++++ Data records ++++
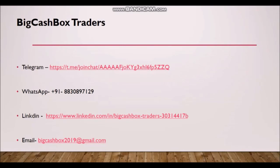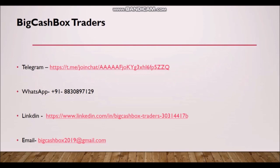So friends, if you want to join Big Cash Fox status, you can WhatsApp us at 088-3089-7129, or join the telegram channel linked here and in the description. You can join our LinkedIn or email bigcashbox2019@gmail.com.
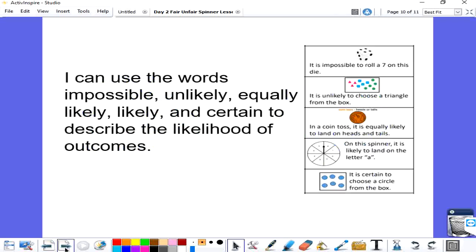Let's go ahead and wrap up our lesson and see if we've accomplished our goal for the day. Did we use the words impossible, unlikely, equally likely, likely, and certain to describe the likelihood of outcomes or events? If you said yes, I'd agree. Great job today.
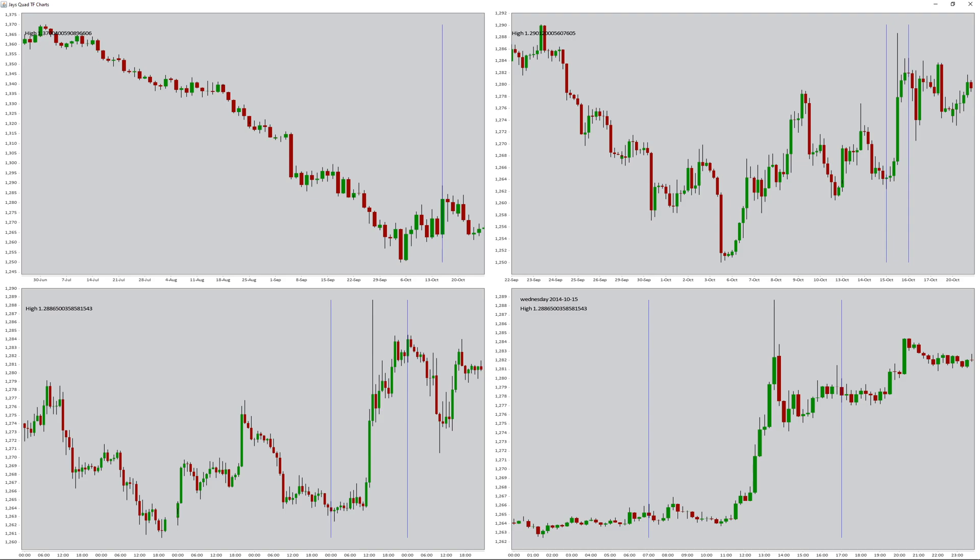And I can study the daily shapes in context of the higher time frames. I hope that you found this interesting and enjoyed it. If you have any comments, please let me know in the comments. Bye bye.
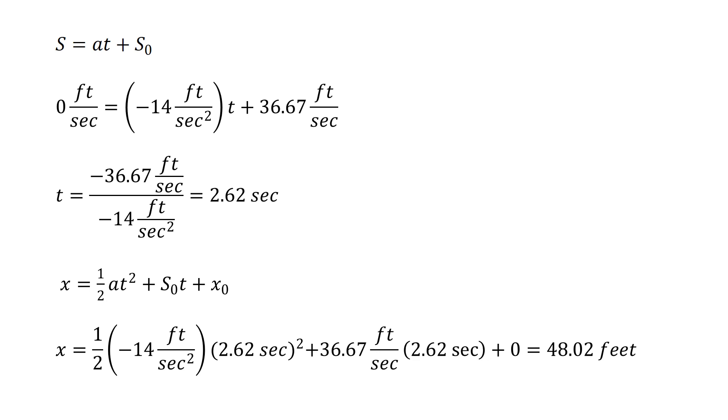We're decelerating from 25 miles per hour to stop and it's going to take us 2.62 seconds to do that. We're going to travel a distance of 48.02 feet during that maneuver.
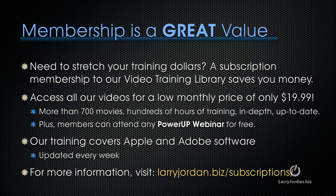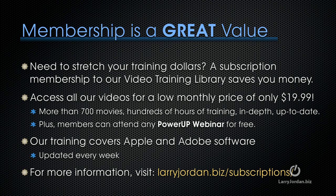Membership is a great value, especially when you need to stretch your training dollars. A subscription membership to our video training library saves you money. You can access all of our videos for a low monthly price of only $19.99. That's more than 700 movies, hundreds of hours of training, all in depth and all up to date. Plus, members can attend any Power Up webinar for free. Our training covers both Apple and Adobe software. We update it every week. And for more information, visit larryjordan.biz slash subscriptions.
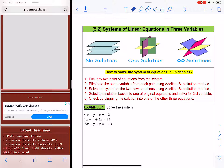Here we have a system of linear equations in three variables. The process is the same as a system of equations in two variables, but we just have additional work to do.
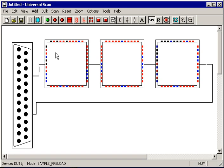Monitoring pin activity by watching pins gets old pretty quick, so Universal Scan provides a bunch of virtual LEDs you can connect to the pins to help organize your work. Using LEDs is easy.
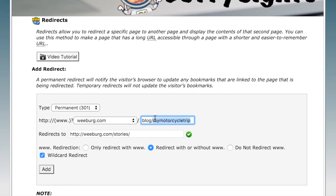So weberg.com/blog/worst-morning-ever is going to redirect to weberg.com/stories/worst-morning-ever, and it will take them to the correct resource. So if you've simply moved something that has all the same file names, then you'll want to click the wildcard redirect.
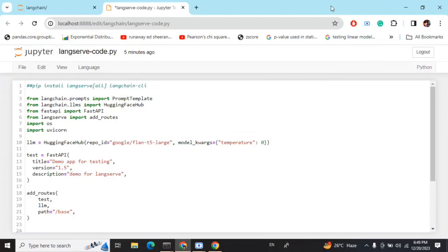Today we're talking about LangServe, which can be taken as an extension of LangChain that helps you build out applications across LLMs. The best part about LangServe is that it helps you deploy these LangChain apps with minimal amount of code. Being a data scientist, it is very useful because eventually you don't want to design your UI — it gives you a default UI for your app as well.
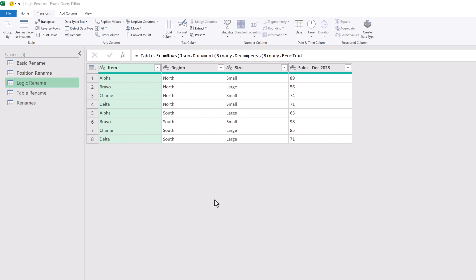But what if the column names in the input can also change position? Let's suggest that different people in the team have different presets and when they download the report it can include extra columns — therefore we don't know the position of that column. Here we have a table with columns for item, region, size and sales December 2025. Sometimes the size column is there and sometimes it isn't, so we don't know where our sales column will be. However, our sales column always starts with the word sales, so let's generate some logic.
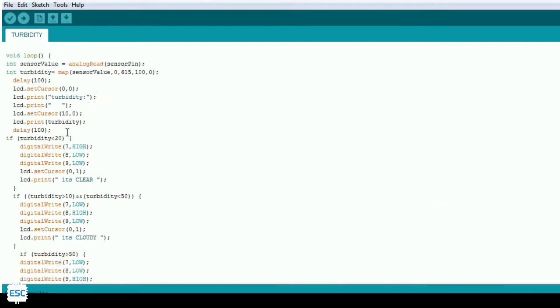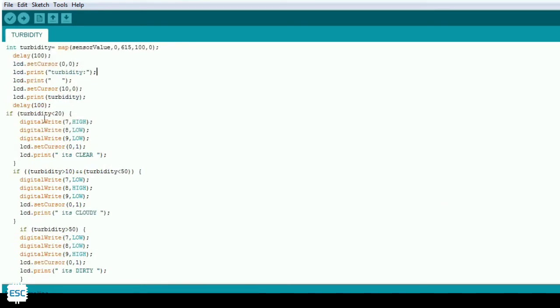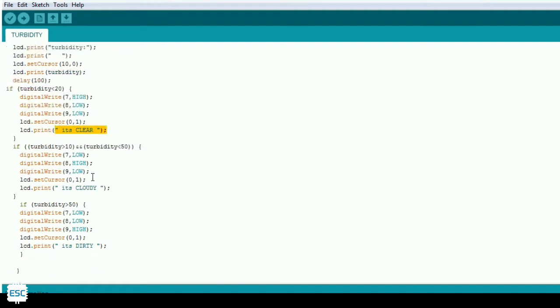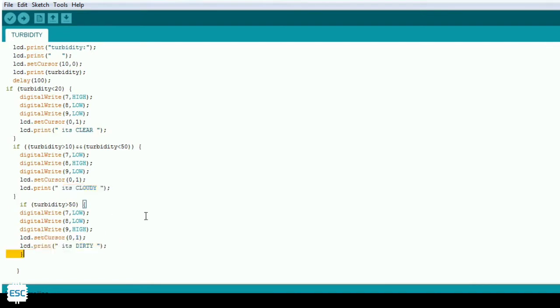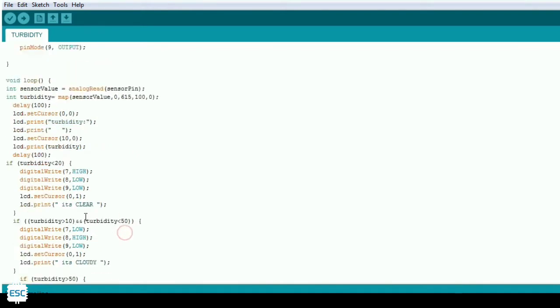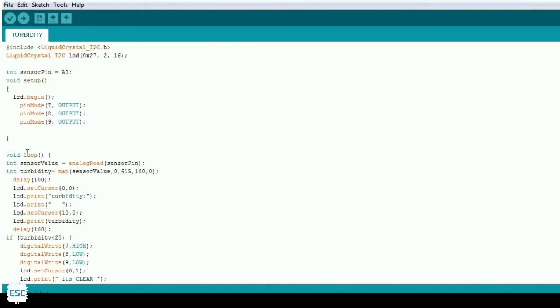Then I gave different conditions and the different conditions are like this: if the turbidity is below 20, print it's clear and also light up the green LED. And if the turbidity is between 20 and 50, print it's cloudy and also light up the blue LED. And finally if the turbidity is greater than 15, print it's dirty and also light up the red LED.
++++
_Your task:_
The response consists of the data above printed line for line, with no pictures.

_Result below:_
So friends, if you want to join Big Cash Fox status, you can WhatsApp us at 088-3089-7129, or join the telegram channel linked here and in the description. You can join our LinkedIn or email bigcashbox2019@gmail.com.
Let's go ahead and wrap up our lesson and see if we've accomplished our goal for the day. Did we use the words impossible, unlikely, equally likely, likely, and certain to describe the likelihood of outcomes or events? If you said yes, I'd agree. Great job today.
And I can study the daily shapes in context of the higher time frames. I hope that you found this interesting and enjoyed it. If you have any comments, please let me know in the comments. Bye bye.
We're decelerating from 25 miles per hour to stop and it's going to take us 2.62 seconds to do that. We're going to travel a distance of 48.02 feet during that maneuver.
Membership is a great value, especially when you need to stretch your training dollars. A subscription membership to our video training library saves you money. You can access all of our videos for a low monthly price of only $19.99. That's more than 700 movies, hundreds of hours of training, all in depth and all up to date. Plus, members can attend any Power Up webinar for free. Our training covers both Apple and Adobe software. We update it every week. And for more information, visit larryjordan.biz slash subscriptions.
Here we have a system of linear equations in three variables. The process is the same as a system of equations in two variables, but we just have additional work to do.
Monitoring pin activity by watching pins gets old pretty quick, so Universal Scan provides a bunch of virtual LEDs you can connect to the pins to help organize your work. Using LEDs is easy.
So weberg.com/blog/worst-morning-ever is going to redirect to weberg.com/stories/worst-morning-ever, and it will take them to the correct resource. So if you've simply moved something that has all the same file names, then you'll want to click the wildcard redirect.
Today we're talking about LangServe, which can be taken as an extension of LangChain that helps you build out applications across LLMs. The best part about LangServe is that it helps you deploy these LangChain apps with minimal amount of code. Being a data scientist, it is very useful because eventually you don't want to design your UI — it gives you a default UI for your app as well.
But what if the column names in the input can also change position? Let's suggest that different people in the team have different presets and when they download the report it can include extra columns — therefore we don't know the position of that column. Here we have a table with columns for item, region, size and sales December 2025. Sometimes the size column is there and sometimes it isn't, so we don't know where our sales column will be. However, our sales column always starts with the word sales, so let's generate some logic.
Then I gave different conditions and the different conditions are like this: if the turbidity is below 20, print it's clear and also light up the green LED. And if the turbidity is between 20 and 50, print it's cloudy and also light up the blue LED. And finally if the turbidity is greater than 15, print it's dirty and also light up the red LED.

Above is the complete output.